### Data to examine
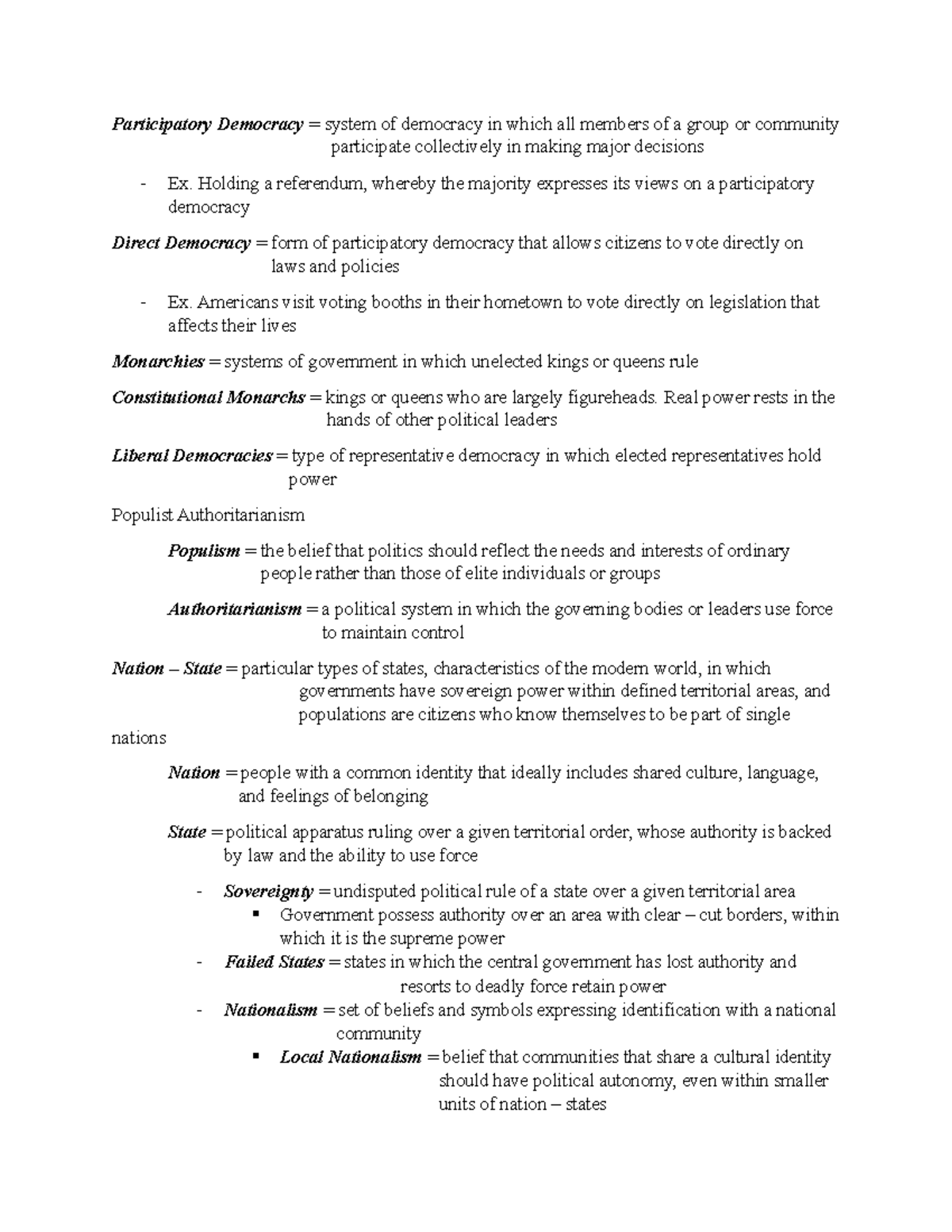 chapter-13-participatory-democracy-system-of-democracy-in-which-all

--

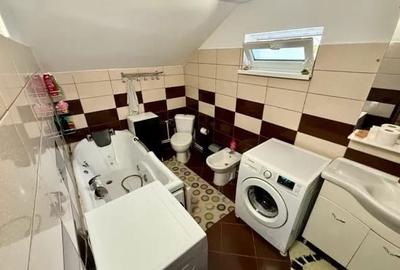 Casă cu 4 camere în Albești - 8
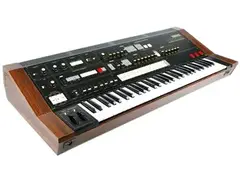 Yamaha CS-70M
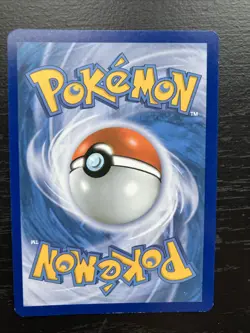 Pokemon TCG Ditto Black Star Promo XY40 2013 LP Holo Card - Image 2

* * *

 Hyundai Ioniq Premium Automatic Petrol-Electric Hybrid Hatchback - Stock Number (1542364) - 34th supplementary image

### To do
Reproduce word for word, with pictures dropped, only the part of the material above that opens with the line containing "Casă cu 4 camere în Albești - 8" and closes with the line containing "Pokemon TCG Ditto".

### Answer to this task
 Casă cu 4 camere în Albești - 8
 Yamaha CS-70M
 Pokemon TCG Ditto Black Star Promo XY40 2013 LP Holo Card - Image 2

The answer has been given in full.